I feel the best I’ve felt in a long time. Strong and pretty and confidant and good at my job. And of course when one part of your life is good, the others...need work to balance things out. Nothing new happened with mg. At work there’s never a time to talk and I feel like we are different people when we are together outside of work. I don’t see this as a bad or mean thing, it’s just that we don’t work together on the same projects and there’s never really time to flirt. So it’s mostly radio silence during the day unless I shout out to him every time he goes to the bathroom. Awkward.
He left work before me tonight and lingered. I didn’t say much cause I was in work mode. I texted him when I left the office a half hour later and said ‘Just left the office, want to grab a beer?’ Radio silence.
Luckily, I’m on vacation starting now for 10 days and venturing to Berlin with a small tour group. My thoughts will be about beer and men and a language I don’t know in a City I don’t know and I can’t freaking wait! THIS is the environment I live for. I know no one on the trip and can’t wait to exercise the inner me!

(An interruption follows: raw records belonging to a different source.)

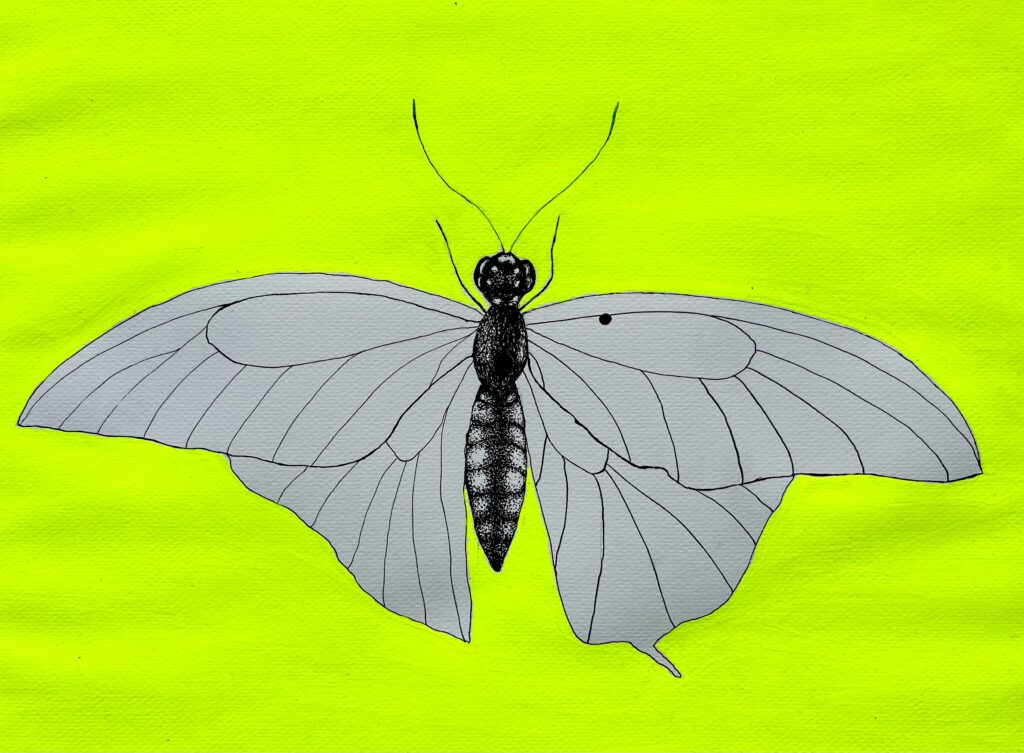 butterfly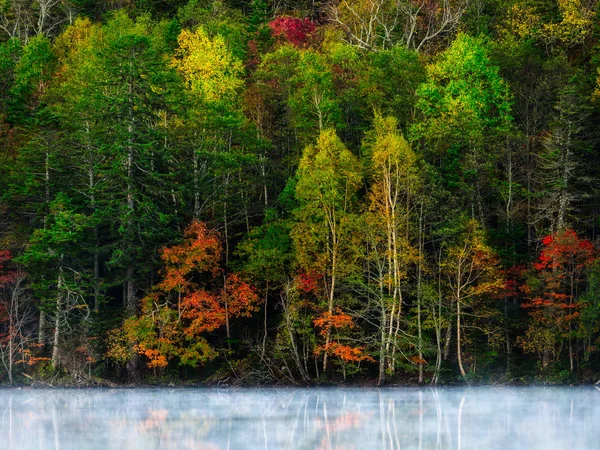 sonbahar manzarada hokkaido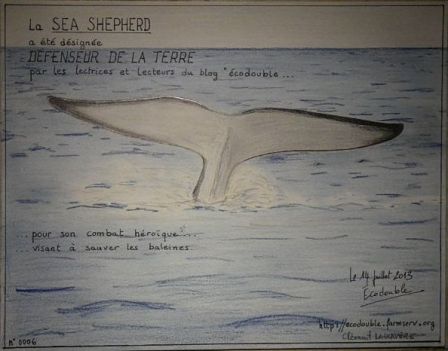 Diplôme Sea Shepherd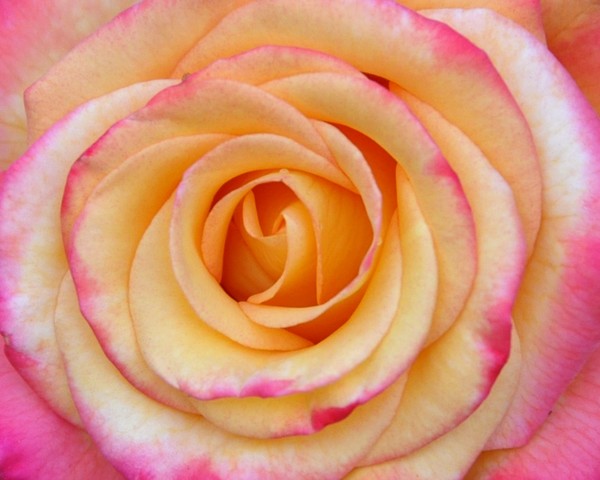 the rose
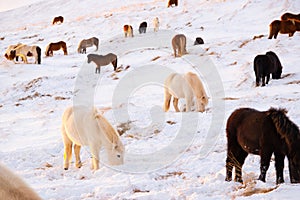 Horses In Winter. Rural Animals in Snow Covered Meadow. Pure Nature in Iceland. Frozen North Landscape. Icelandic Horse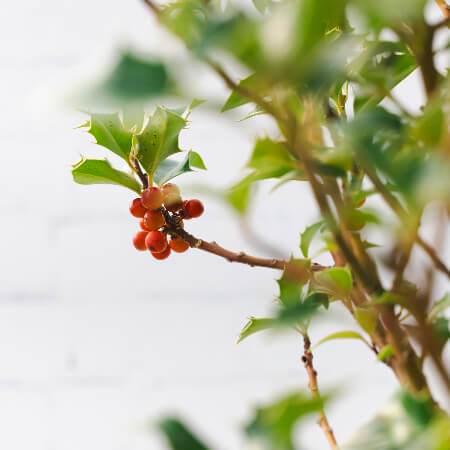 Christmas Holly Tree Gift - Holly Tree Gift - Tree2mydoor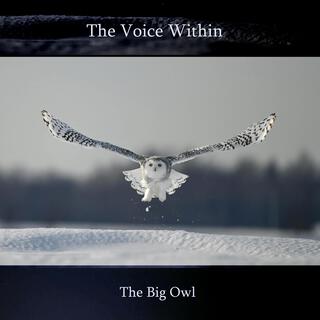 The Big Owl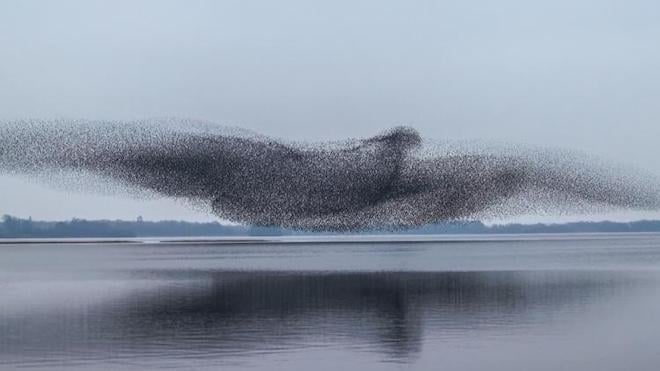 Une murmuration d'étourneaux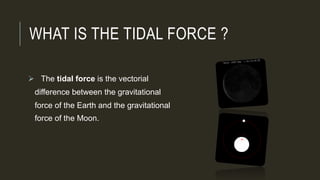 WHAT IS THE TIDAL FORCE ?
 The tidal force is the vectorial
difference between the gravitational
force of the Earth and the gravitational
force of the Moon.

I will leave mg and work behind for 10 days.
It’s silly really. He’s given me no real reason to fall for him. He’s not sweeping me off my feet or calling me every hour. He has yet to really use my number.
And yet, here I am, fallen. And I wish it was for a guy who was really fully there, deserving of my feelings. It’s just so much nothing...and my feelings are being wasted. Though I love the flirting and the random kisses and another reason to dress well, but I miss the return feelings and the certainty of being liked.
I miss feeling close with winks and smiles and inside jokes. I don’t miss the old BF but I miss the proximity I was able to have. If it’s not going to happen with mg then it’ll be someone else. I just wish they were here already. Because I’m ready.
I want to mentally kick myself again. Because even though I keep reminding myself to let this crush just be a crush, I checked my cell about a dozen times after I hit send. Why is it that even though when our brains know the reality, our hearts still like to play the game even though the other player is barely there?